J’ai donc intégré l’ISEP directement après le BAC. J’étais médiocre au collège scolairement. Lorsque j’arrive en seconde je réalise que je veux faire une école d’ingénieur et que le seul moyen pour y arriver est de faire section Scientifique. J’ai donc mis toutes les chances de mon côté en travaillant. Ces efforts ont été récompensés puisque je finis mon lycée avec une mention « Bien » au baccalauréat.

J’ai eu quelques difficultés à m’adapter à la vie parisienne et à gérer l’éloignement avec ma famille et les responsabilités.

En rentrant en première année du cycle ingénieur, je souhaite intégrer la Junior Entreprise de mon école mais je ne suis pas acceptée. Je suis déçue sur le moment mais ne me laisse pas abattre. Je décide alors de me lancer par mes propres moyens soutenue par mes proches. Je lance donc Pheme, une agence d’e-réputation en tant qu’auto-entrepreneur. Pheme est la déesse de la renommée et l’étymologie de FAMOUS, FAME.

Plus tard, je postule pour être Microsoft Student Partner. Cela fait maintenant un an que je suis dans le programme et je rencontre l’ensemble de la communauté lors des différents évènements.

L’année prochaine, j'irai en Angleterre où je suis acceptée afin de faire un double diplôme en Génie Logiciel.


Quelles sont les attentes de la jeunesse de ton pays, communauté ?

Question difficile car j’appartiens à deux pays qui n’ont pas les mêmes attentes.

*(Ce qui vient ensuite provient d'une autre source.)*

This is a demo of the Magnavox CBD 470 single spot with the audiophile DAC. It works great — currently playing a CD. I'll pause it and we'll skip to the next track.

La jeunesse mauricienne a besoin de reconnaissance et d’exemple. Beaucoup d’entre eux partent étudier à l’étranger et ne rentrent pas forcément après leurs études. Il faudrait les soutenir en les aidant, que ça soit avec une formation en adéquation avec le marché du travail ou en soutenant économiquement leurs projets. Très peu ont l’esprit d’entreprendre, ils n’ont pas conscience des opportunités qui peuvent s’offrir à la jeunesse. Il faut les saisir et ne pas passer à côté ! Un mot d’ordre : OSER ! J’ai toutefois une pensée particulière pour les jeunes femmes mauriciennes : être une femme à l’île Maurice est un combat permanent. On ressent tous les jours le sexisme. La jeune femme mauricienne a besoin de soutien et d’une reconnaissance toute particulière.

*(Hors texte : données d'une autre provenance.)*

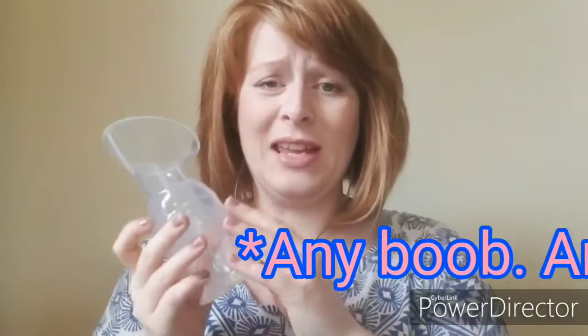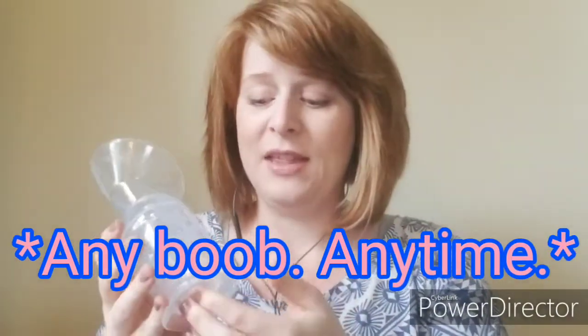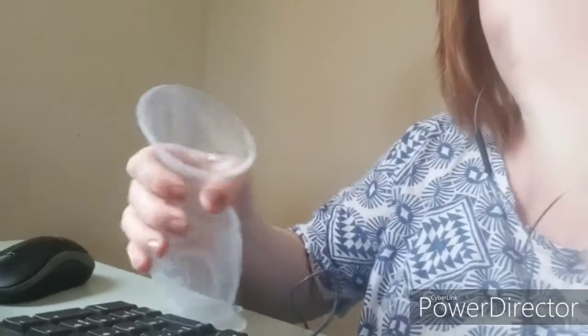It suctions to your breast right here. You could also use it if you're out and about — this is something way easier to carry in your diaper bag than a full-on electric breast pump setup. It's lightweight, it's small, it's discreet. And the bottom is also silicone because, for those of you who have ever pumped breast milk, spilling that stuff will just make you cry. So it has a silicone base to it as well.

Les jeunes diplômés français sont inquiets des opportunités que la France pourra leur offrir pour leur avenir professionnel. En conséquence, de plus en plus de jeunes autour de moi n’ont qu’une idée en tête, partir après leurs études. Le climat de crise inquiète.

Ils attendent également du challenge, des idées, ils veulent que leur monde bouge. Ils ne veulent pas attendre et rester passif, ils sont impatients.

En quoi la participation des jeunes est selon toi nécessaire/importante pour nos sociétés d'aujourd'hui?

Les jeunes sont l’avenir de la société. Ils ont des idées innovantes et ne cherchent qu’à se faire entendre. Ils participent à l’innovation dans leurs sociétés. Je pense qu’ils ont beaucoup à apporter et beaucoup d’énergie à investir dans de nombreux projets.

Comment vois-tu ton pays dans 20 ans?


Pas facile à prévoir ! J’espère qu’on continuera sur cette lancée, c’est à dire à continuer à encourager l’entrepreneuriat. Mon rêve est que nous soyons demain la nouvelle Silicon Valley et que tous les étudiants du monde rêvent de venir travailler en France.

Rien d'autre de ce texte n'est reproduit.